Task description
Output the lines of the entries below beginning at the one with "New 89th & Madison" and ending with the last, exactly as written and without pictures.

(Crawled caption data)
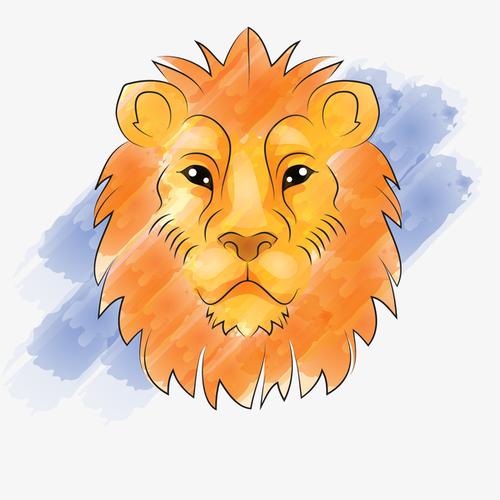 国风狮子头像微信卡通手绘可爱
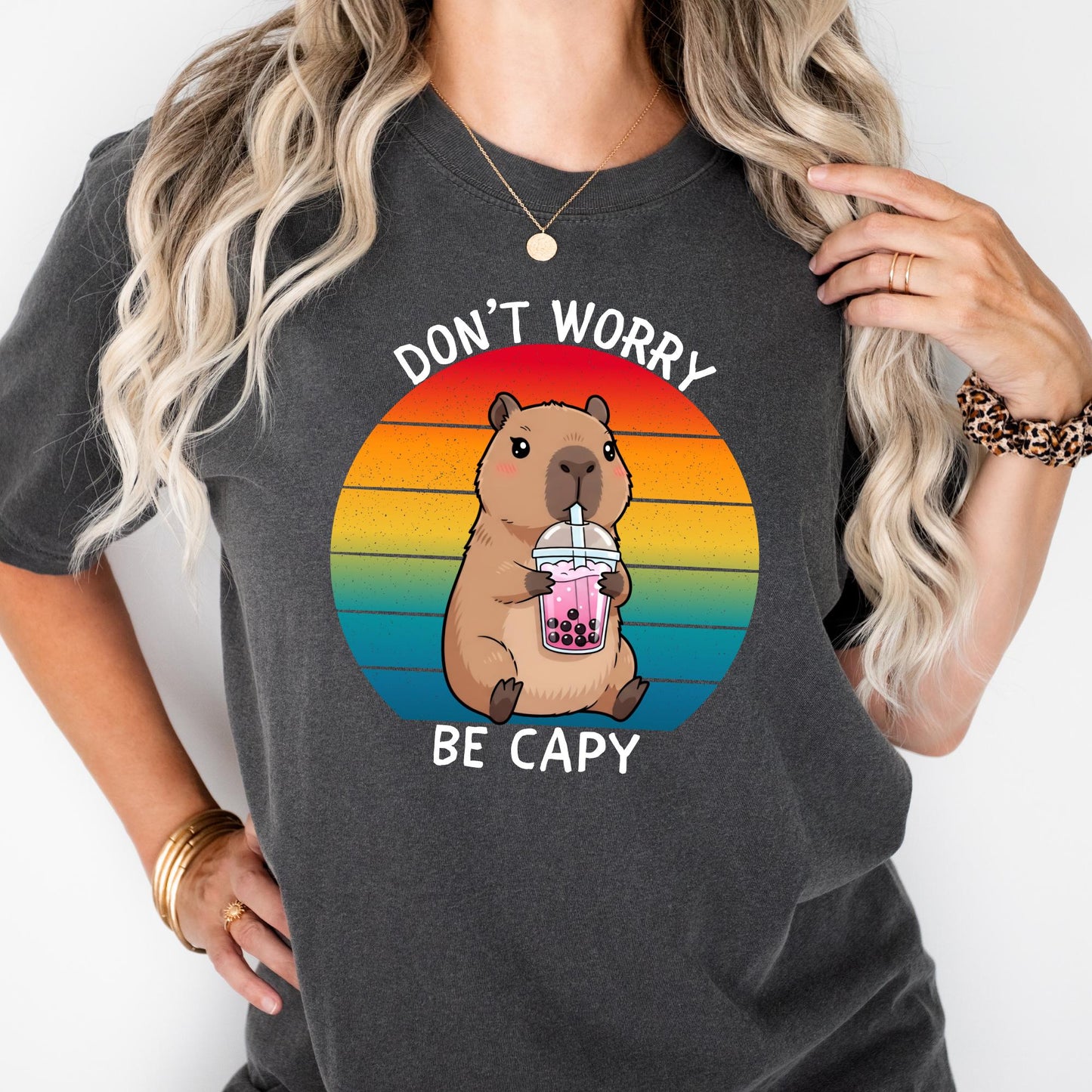 Custom Comfort Colors® Don't Worry Be Capy Shirt, Chill Vibes Only Funny Meme Shirt, Best Friend Gift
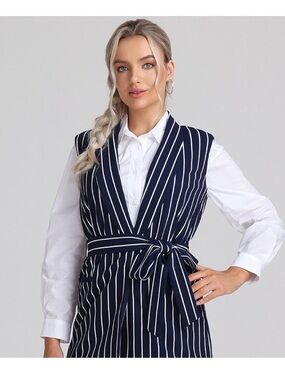 New 89th & Madison Navy and White Pinstripe Sleeveless Wrap Vest - Size Large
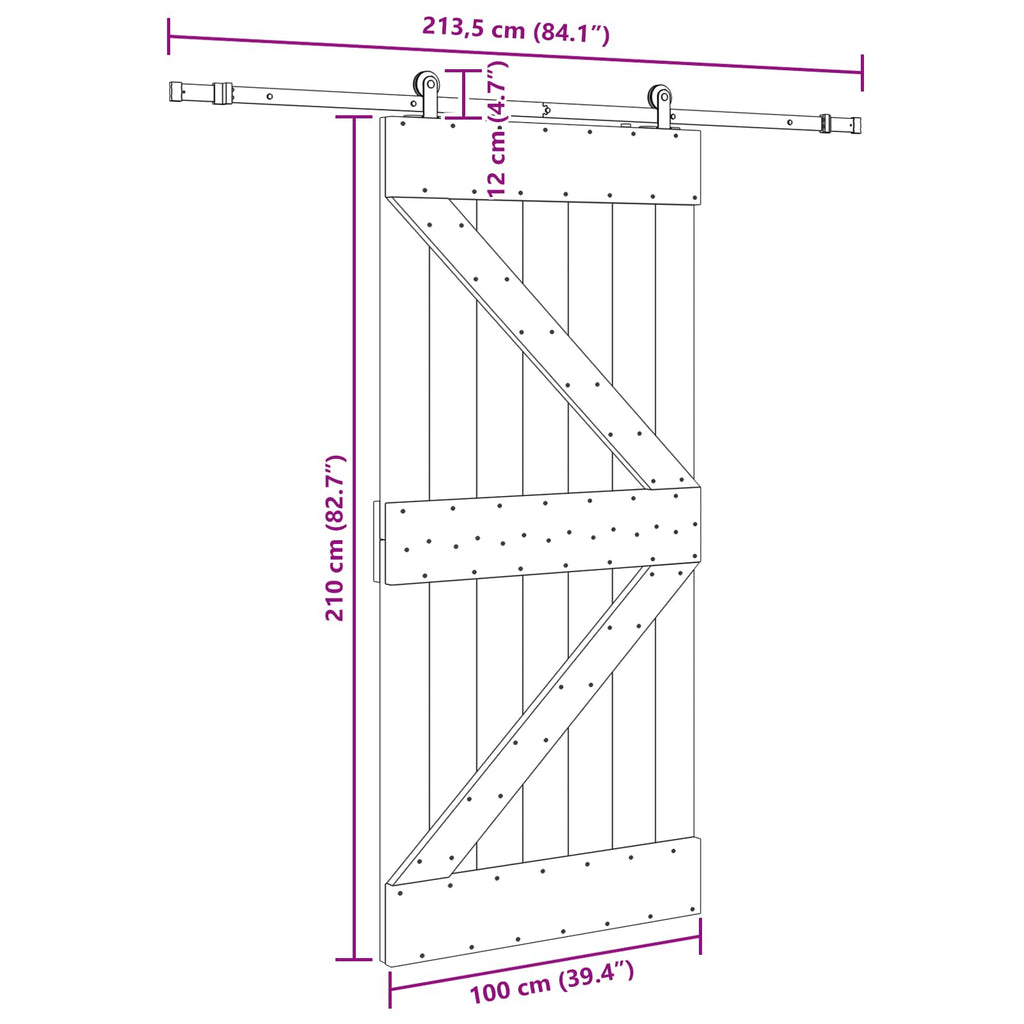 NARVIK Sliding Door Natural and black 100 x 210 cm (213.5 cm)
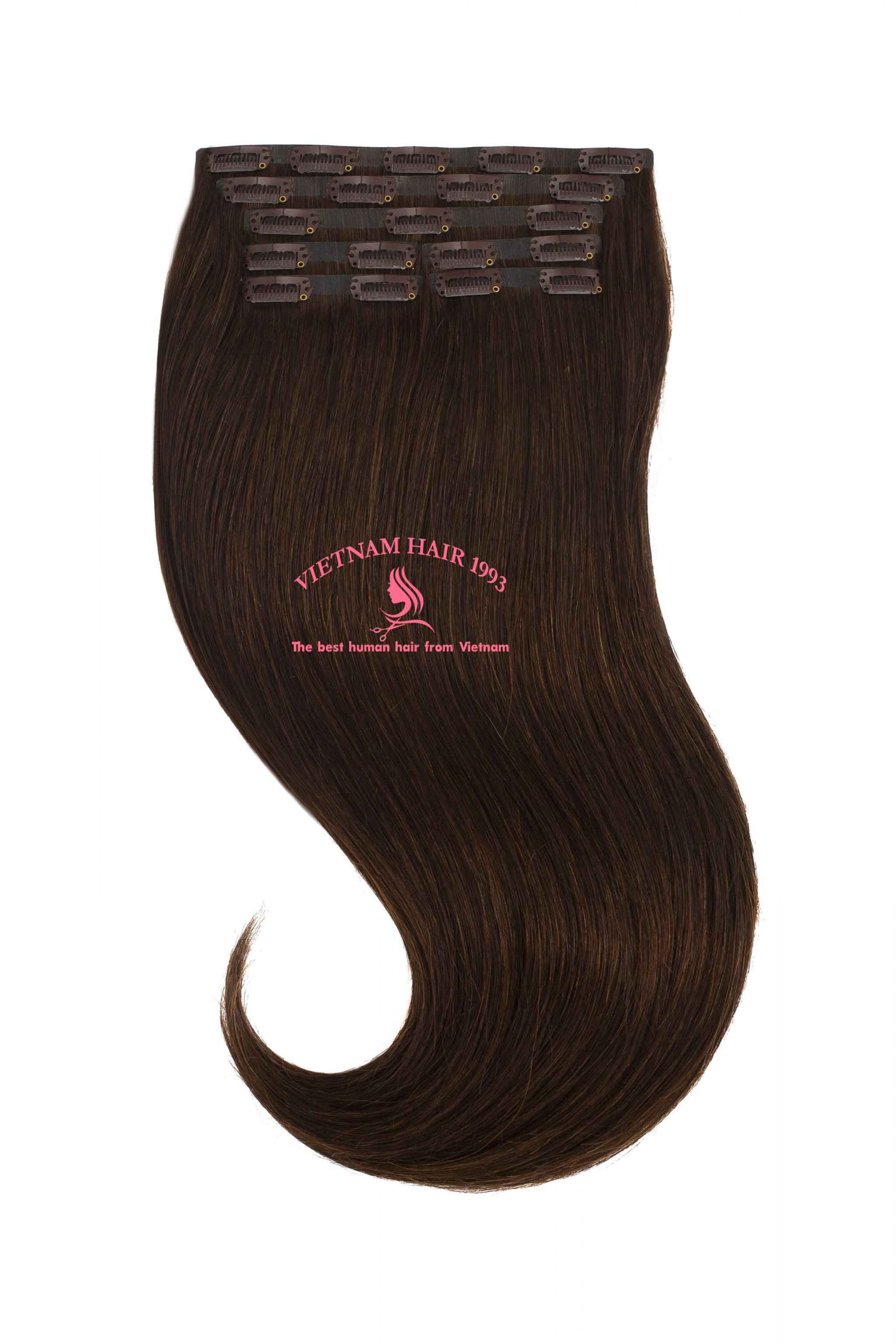 Clip in hair extensions dark color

Answer space
 New 89th & Madison Navy and White Pinstripe Sleeveless Wrap Vest - Size Large
 NARVIK Sliding Door Natural and black 100 x 210 cm (213.5 cm)
 Clip in hair extensions dark color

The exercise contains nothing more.